The first half began with a 1983 piece by Elizabeth Maconchy: her superb Music for Strings. This was a more mixed performance of a piece that deserves greater recognition than it receives (some might know the excellent, vibrant Lyrita recording: see MusicWeb International’s review here by Rob Barnett). Tender phrasing in the first movement boded well here at Cadogan Hall, but high strings were an occasional but recurring problem in terms of both unanimity and tuning. The second movement could have benefitted from more bloom to the sound; the finest movement was the third, with particularly impressive contribution from the leader.
Prior to the interval was Mozart’s conductorless Fourth Horn Concerto (the one with that rondo), with Goldscheider on extraordinary form. There is ultimate ease to his playing: high B flats (sounding E flats) are simply part of a line, and never ever strained. Communication between horn and orchestra was always superb, any awkward corners expertly negotiated, while the cadenza was masterly. Again, it was the central movement that asked questions: a slightly off first attack, and was that vibrato or just nerves? The finale, jaunty, eminently familiar yet as fresh as the day it was written. Yes, Goldscheider played on a modern valve horn, but parts of his performance nodded towards the more raucous, earthy world of the natural horn.

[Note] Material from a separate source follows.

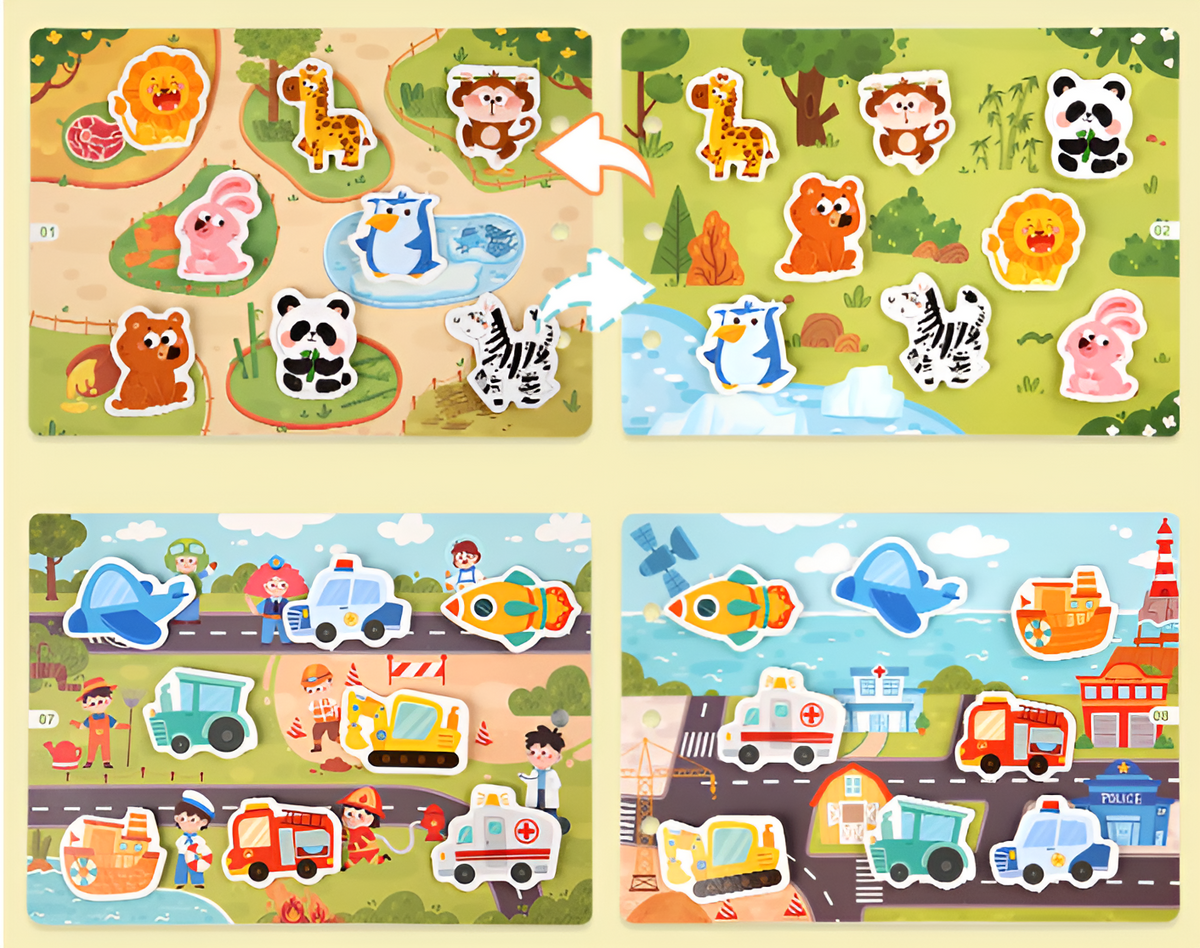 Montessori Busy Sticker Book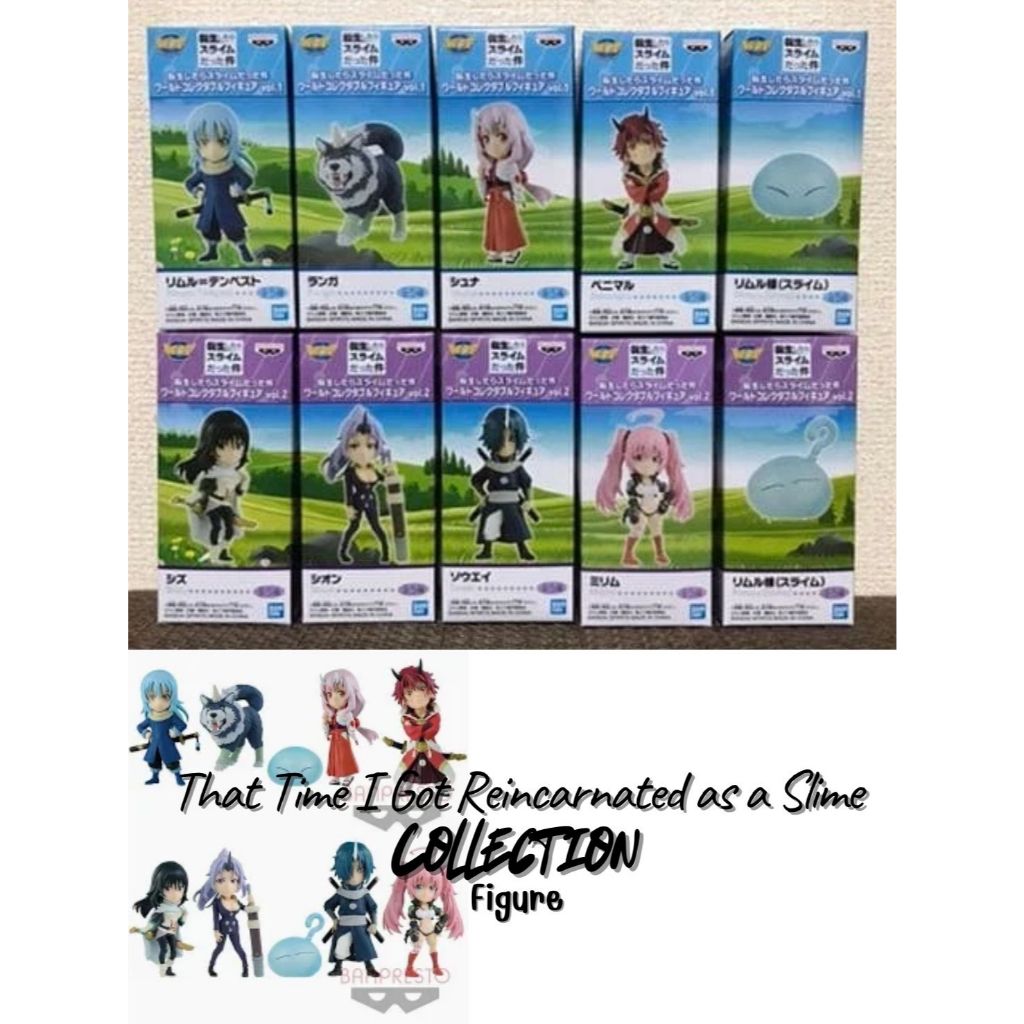 That Time I Got Reincarnated as a Slime World - Collection - vol 1&2 - WCF - Banpresto -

Finally, Sibelius’s Fifth Symphony. Not everyday chamber orchestra fare, one might suggest, and Warren-Green’s brisk way gave it a palpable lightness. His grasp of Sibelius’s long-range harmonic processes was never in doubt, certainly, and neither was his awareness of the importance of the orchestral deep bass of Sibelius’s music. Playfulness in the scherzo and true pianissimos in the finale were high points. The horn-saturated close (Thor swinging his hammer, some say) retained much of its power.
But it was the Horn Concerto – Higgins’s – that stood out a country mile here. And I for one cannot wait to hear it live again!